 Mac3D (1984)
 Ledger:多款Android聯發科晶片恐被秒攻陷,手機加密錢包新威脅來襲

----------------

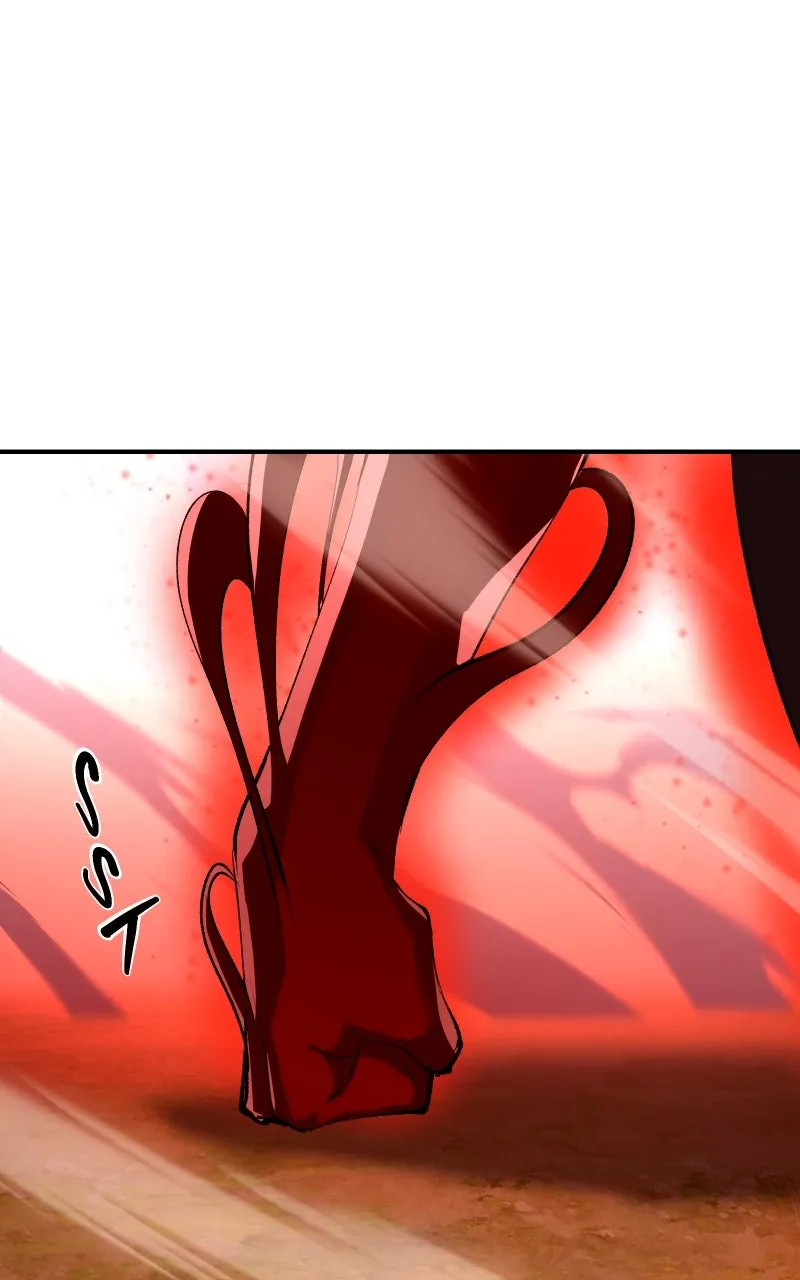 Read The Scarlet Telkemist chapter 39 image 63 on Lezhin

----------------

→ **Problem statement**
An exact copy of the lines above, from the one containing "Mac3D (1984)" down to the one containing "Ledger:多款Android聯發科晶片恐被秒攻陷,手機加密錢包新威脅來襲" and including both, is the whole answer; retype it and nothing else.

→ **Task solution**
 Mac3D (1984)
 Ledger:多款Android聯發科晶片恐被秒攻陷,手機加密錢包新威脅來襲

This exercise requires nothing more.